# Inkscape 0.42 pour Mac OS X téléchargeable



## Martial (27 Juillet 2005)

Excellente nouvelle pour les amateurs de dessin vectoriel.

Inskape 0.42 est disponible au téléchargement à l'adresse  http://inkscape.org/download.php
Le fichier dmg pèse 23 Mo au téléchargement et 73 Mo une fois installé.

Finies les installations compliquées, un fichier à téléchager, un double-clic et l'application s'ouvre sous X11.

Sur mon eMac 1.25 sous Mac OS X 10.3.9 il a l'air de fonctionner parfaitement, enfin je l'ai installé depuis 5 minutes...

Youpii, les menus déroulants ne sont plus bogués.

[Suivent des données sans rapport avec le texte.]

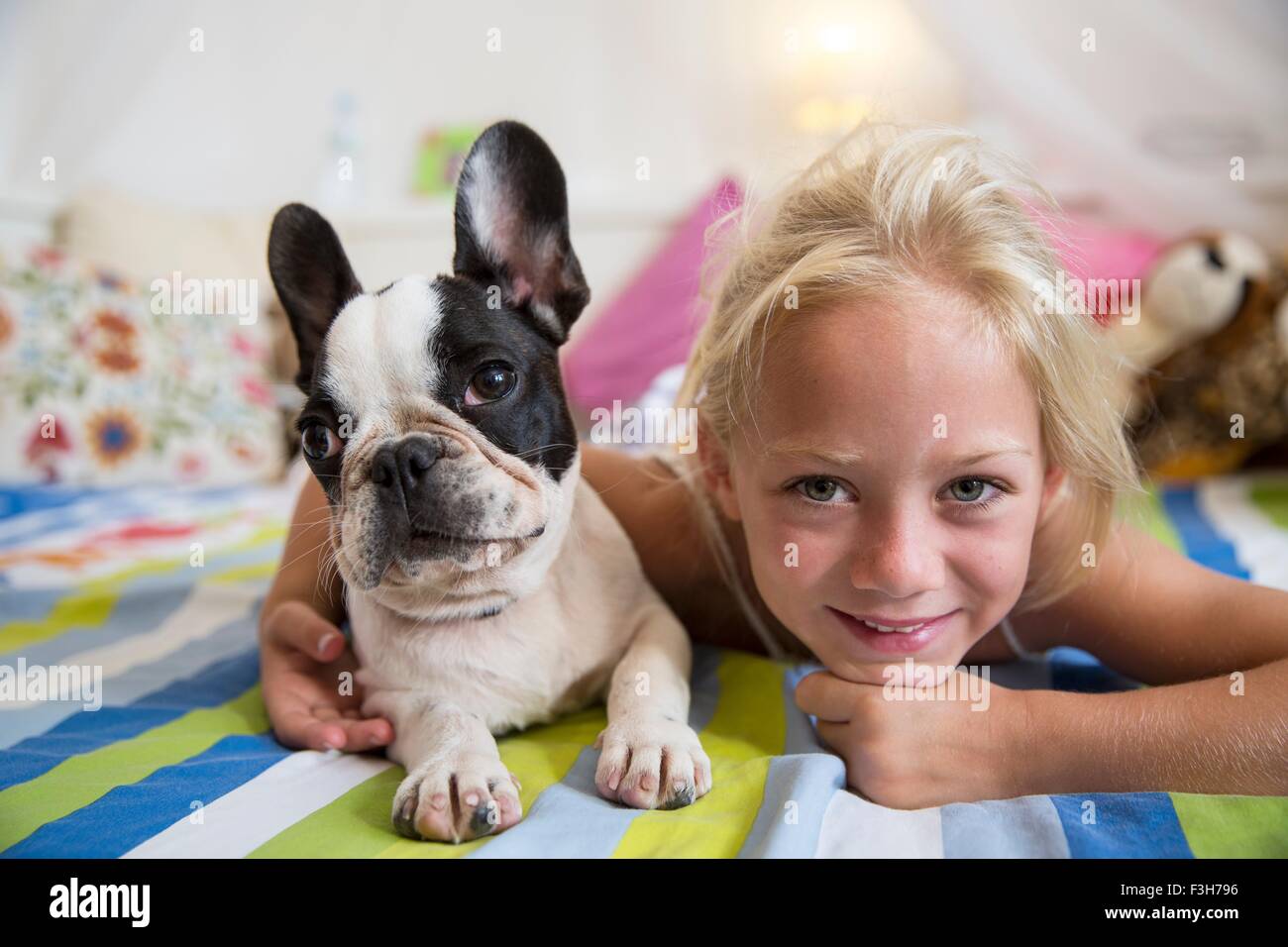 Porträt von Mädchen und niedlichen Hund auf Bett liegend Stockfoto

J'ai l'impression que l'on va pouvoir s'éclater avec ce soft.

A découvrir absolument


----------



## plovemax (1 Août 2005)

Sur mon Imac G3 400MHz, il a l'air de marcher. (Je sais j'ai une veille bécane et je voulais investir dans un Imac G5 quand Steve Job a annoncé que les macs allaient incorporer des puces intel au lieu des PPC. Du coup j'ai décidé d'attendre.°
A noter que INkscape intègre un outil de vectorisation: Potrace (chemin>vectoriser le bitmap).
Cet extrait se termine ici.